**Exercise:** Further down are entries; set down exactly and only the lines from the one with "Used 2012 FANUC" up to and including the one with "2A Partment Rukavina", dropping each picture.

**Record excerpts:**
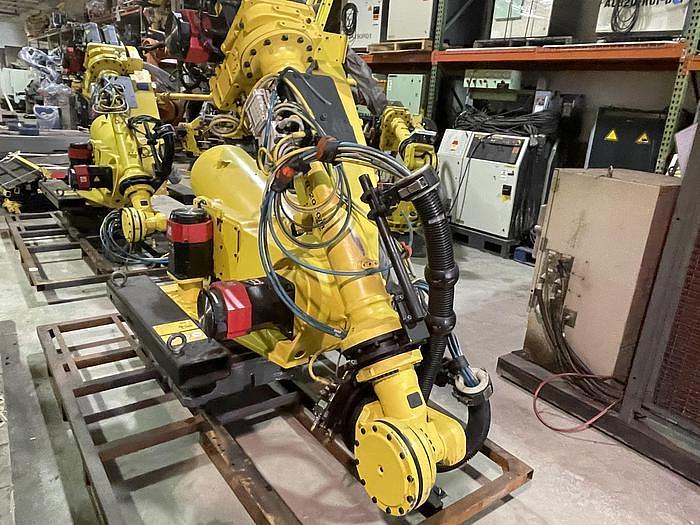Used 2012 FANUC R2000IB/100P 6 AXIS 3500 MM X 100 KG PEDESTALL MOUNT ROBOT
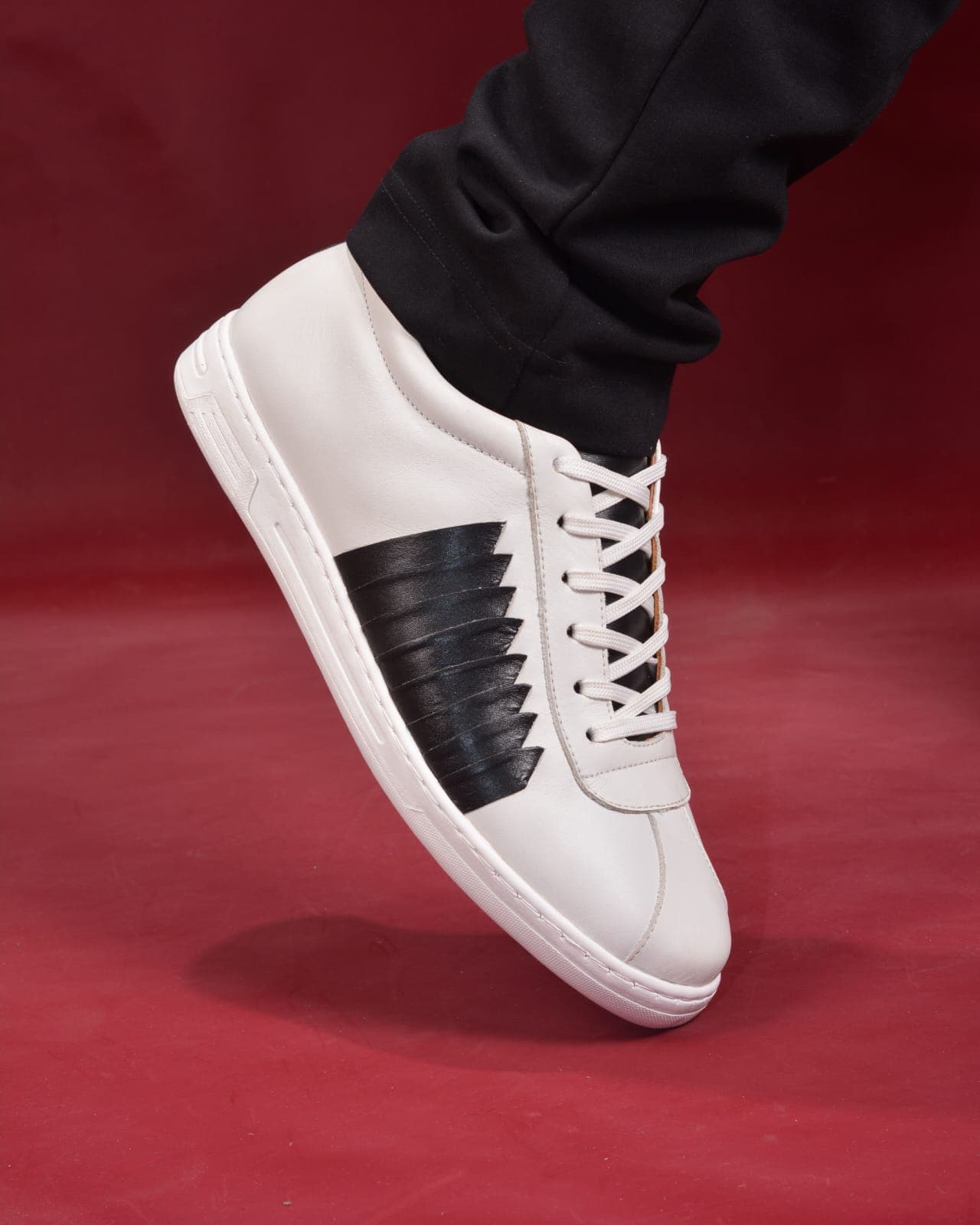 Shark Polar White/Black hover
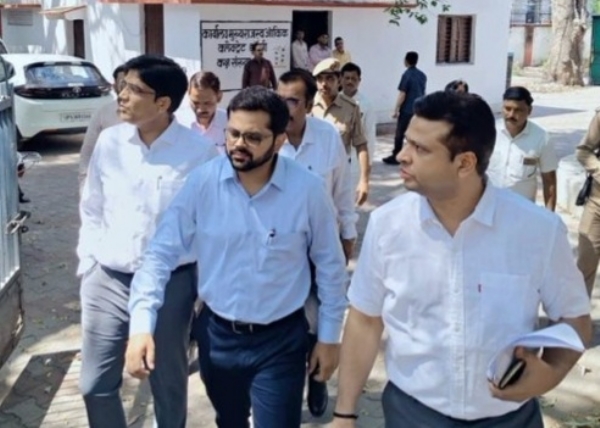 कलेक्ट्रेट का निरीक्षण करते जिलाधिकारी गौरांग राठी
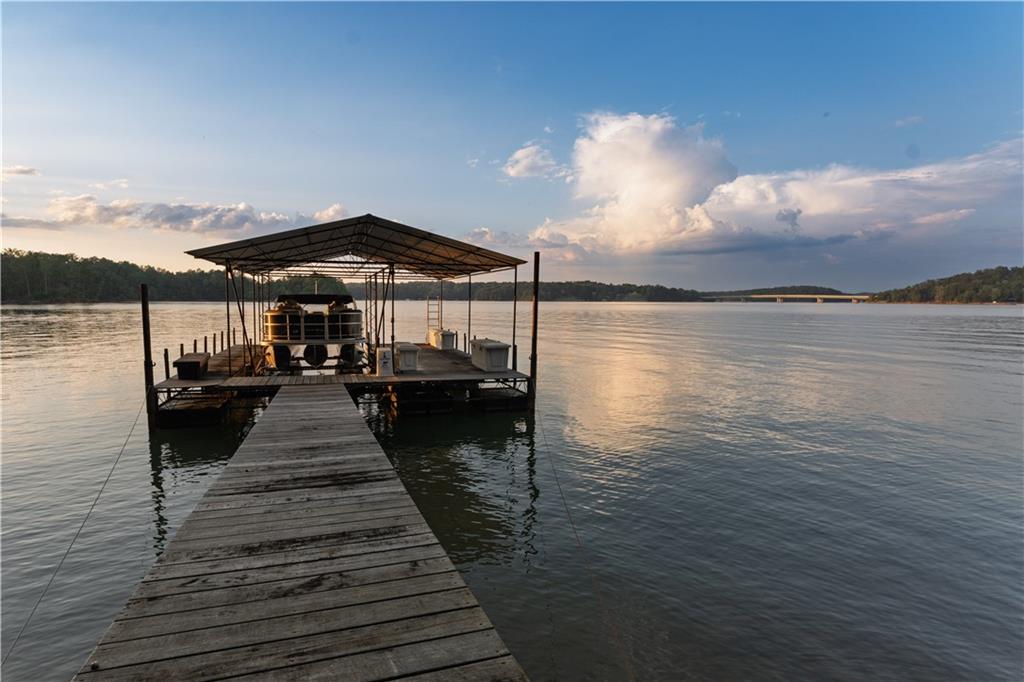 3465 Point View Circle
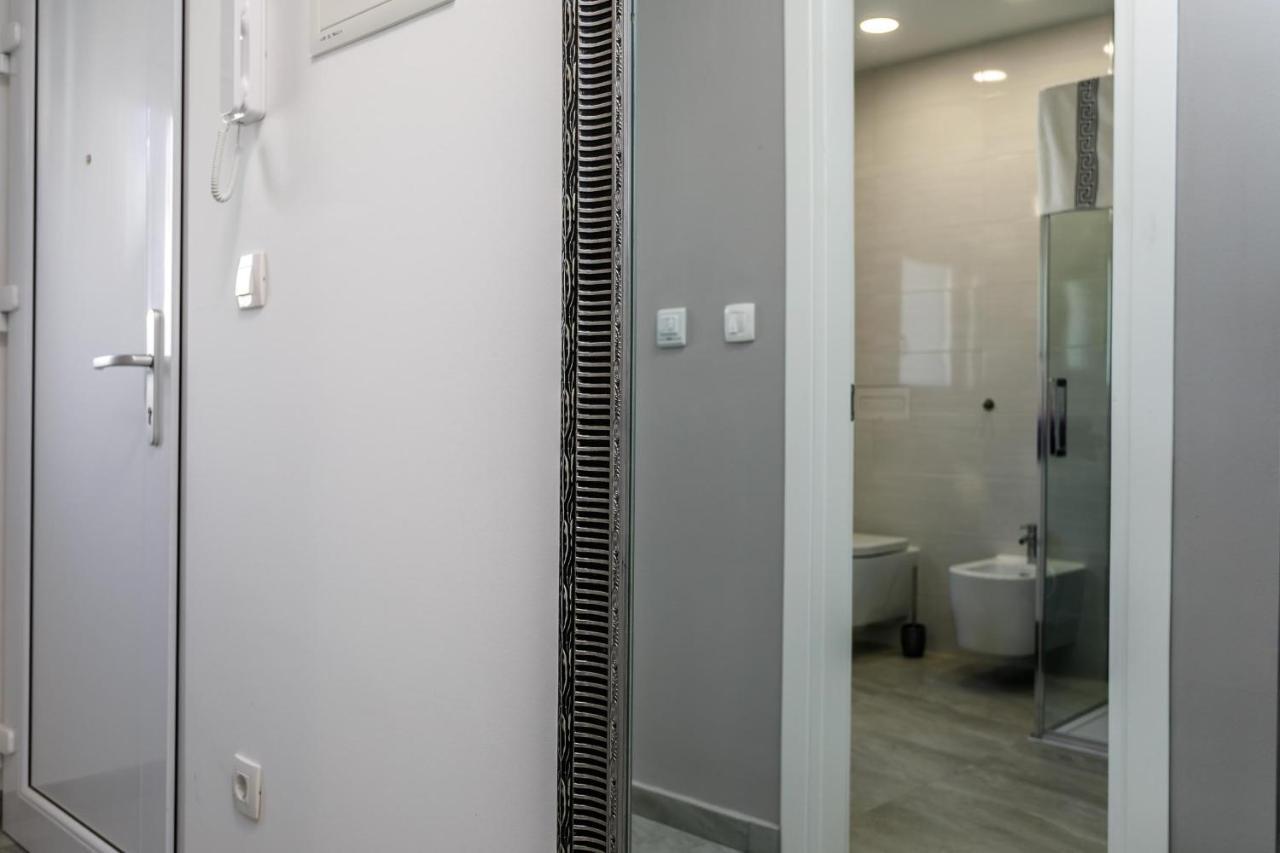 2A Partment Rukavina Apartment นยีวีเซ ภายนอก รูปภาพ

* * *

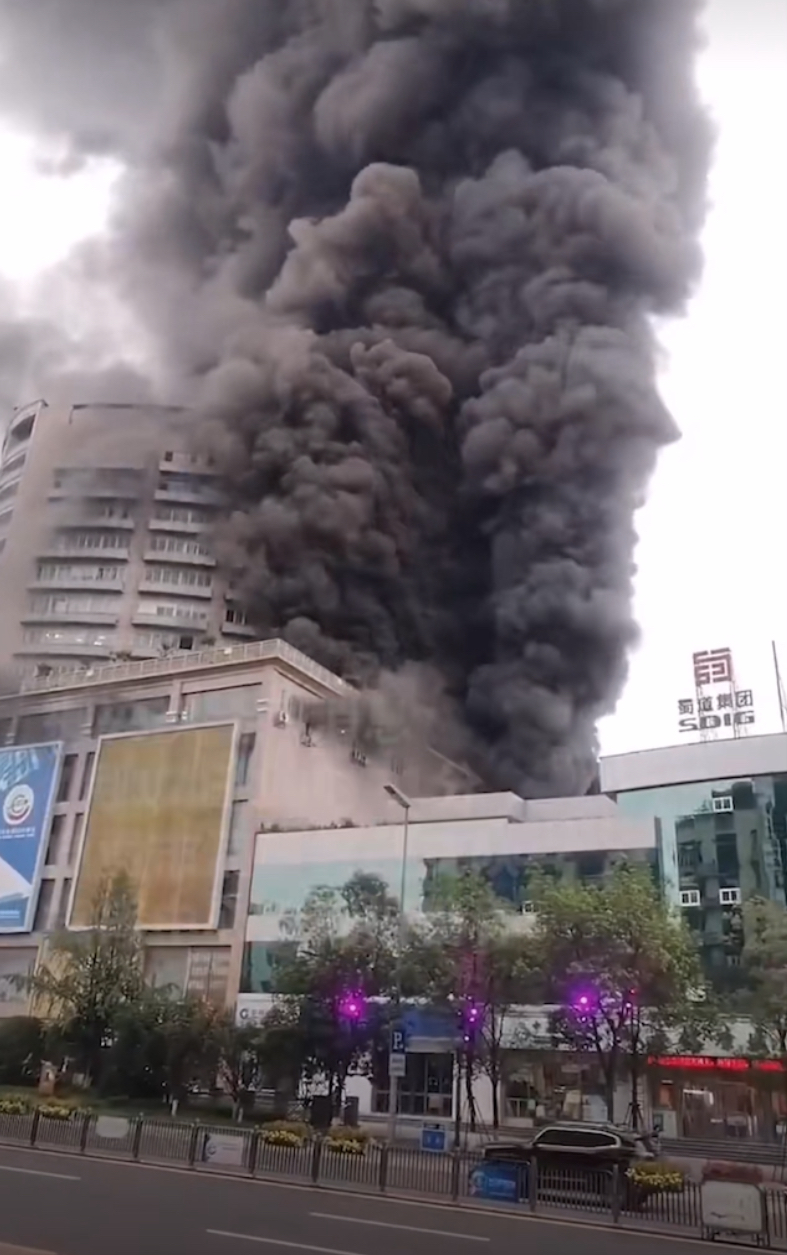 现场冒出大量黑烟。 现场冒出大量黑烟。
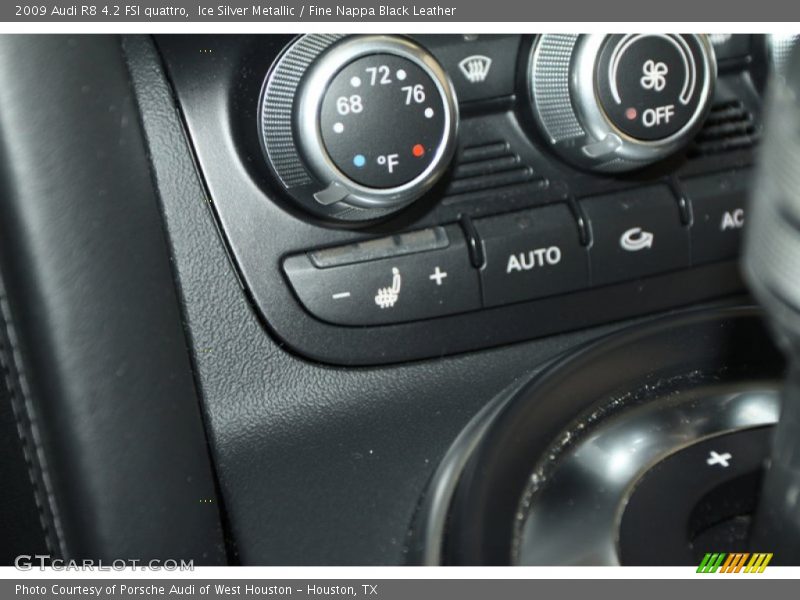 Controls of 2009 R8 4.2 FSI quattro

* * *

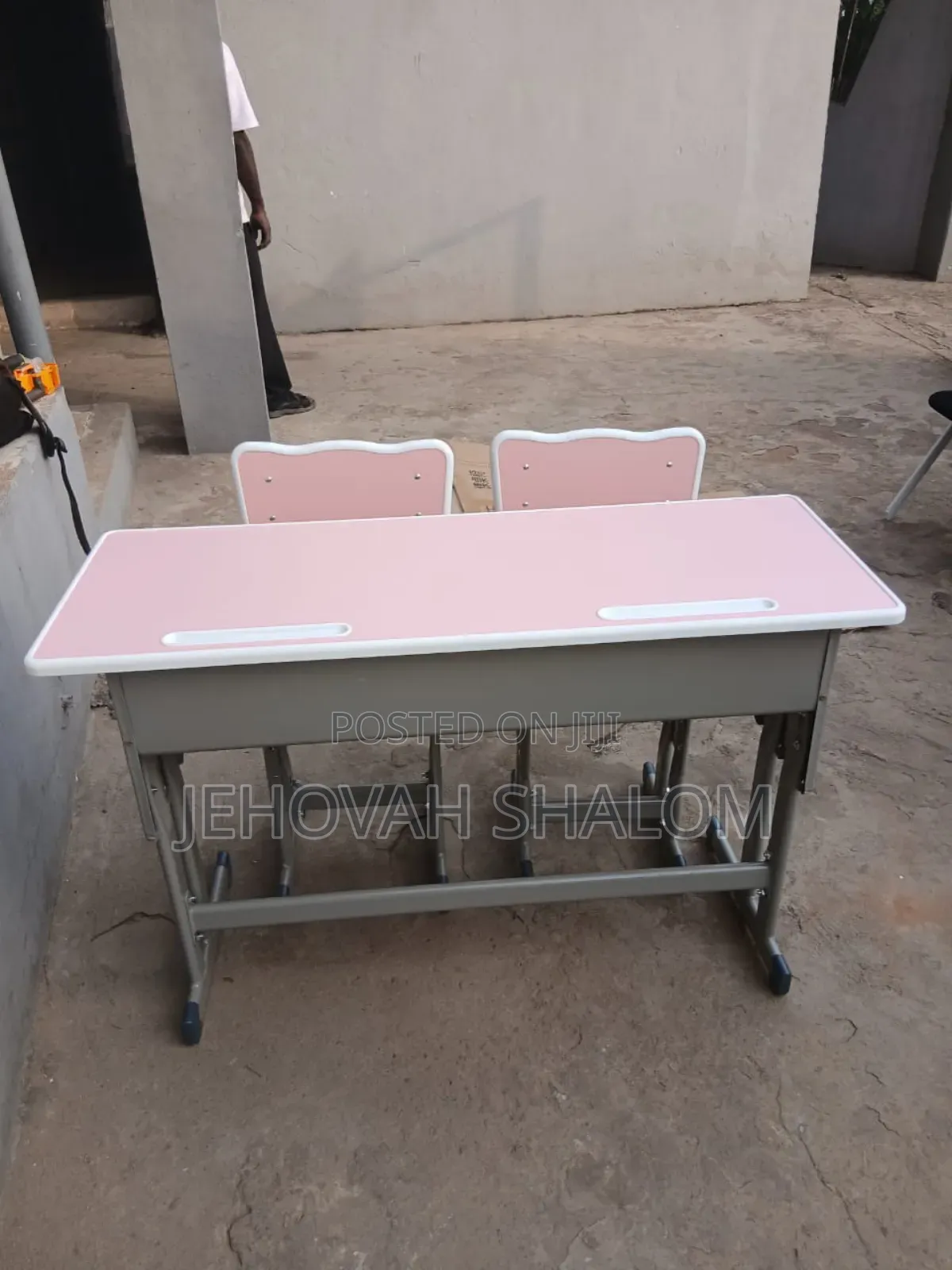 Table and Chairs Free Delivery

**Answer space:**
Used 2012 FANUC R2000IB/100P 6 AXIS 3500 MM X 100 KG PEDESTALL MOUNT ROBOT
 Shark Polar White/Black hover
 कलेक्ट्रेट का निरीक्षण करते जिलाधिकारी गौरांग राठी
 3465 Point View Circle
 2A Partment Rukavina Apartment นยีวีเซ ภายนอก รูปภาพ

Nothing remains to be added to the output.